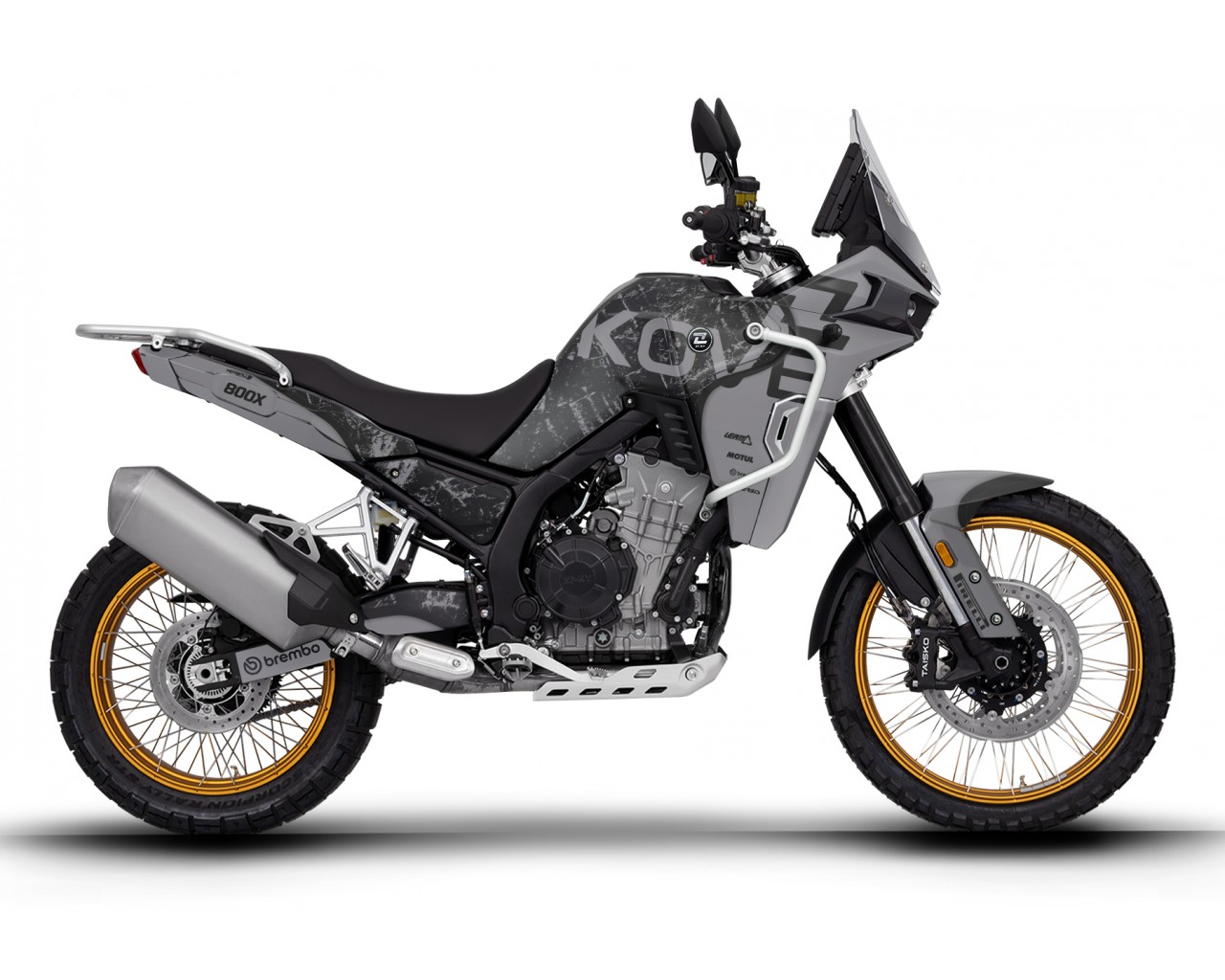 KOVE 800 X GRAPHIC STICKER KIT                                       
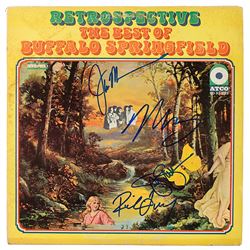 Buffalo Springfield Signed Album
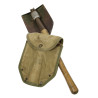 Shovel, Folding, M-1943, AMES 1944 + Carrier JOHANSEN 1944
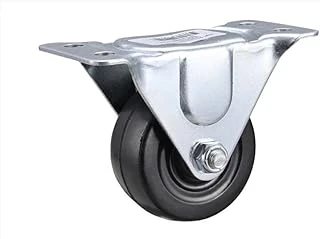 Projex 2-1/2 in. D Soft Rubber Caster 100 lb 1 pk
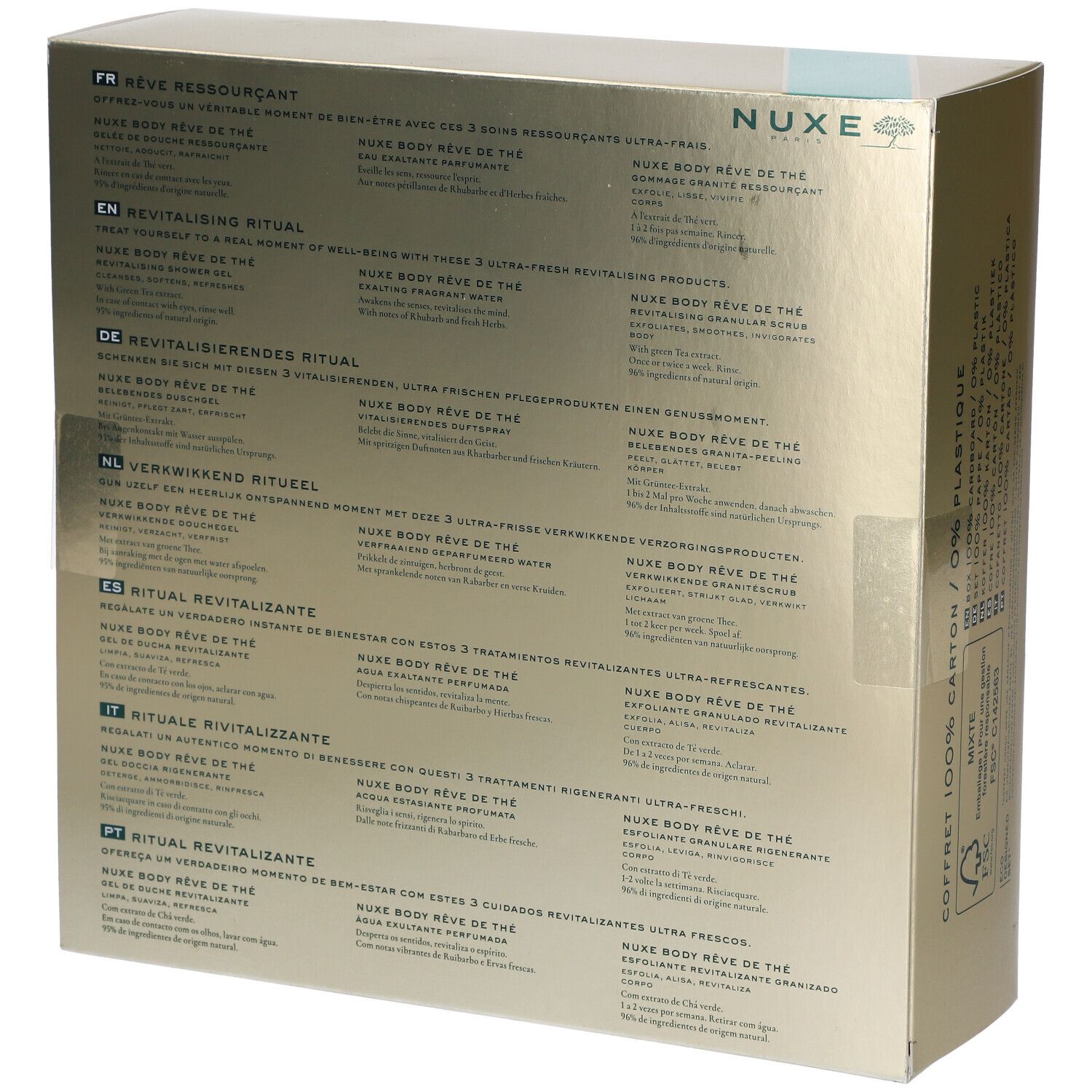 Nuxe Revitalising Ritual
*****
EXERCISE REQUIREMENTS: Transcribe each entry above exactly, apart from the pictures.

TASK SOLUTION:
 KOVE 800 X GRAPHIC STICKER KIT                                       
 Buffalo Springfield Signed Album
 Shovel, Folding, M-1943, AMES 1944 + Carrier JOHANSEN 1944
 Projex 2-1/2 in. D Soft Rubber Caster 100 lb 1 pk
 Nuxe Revitalising Ritual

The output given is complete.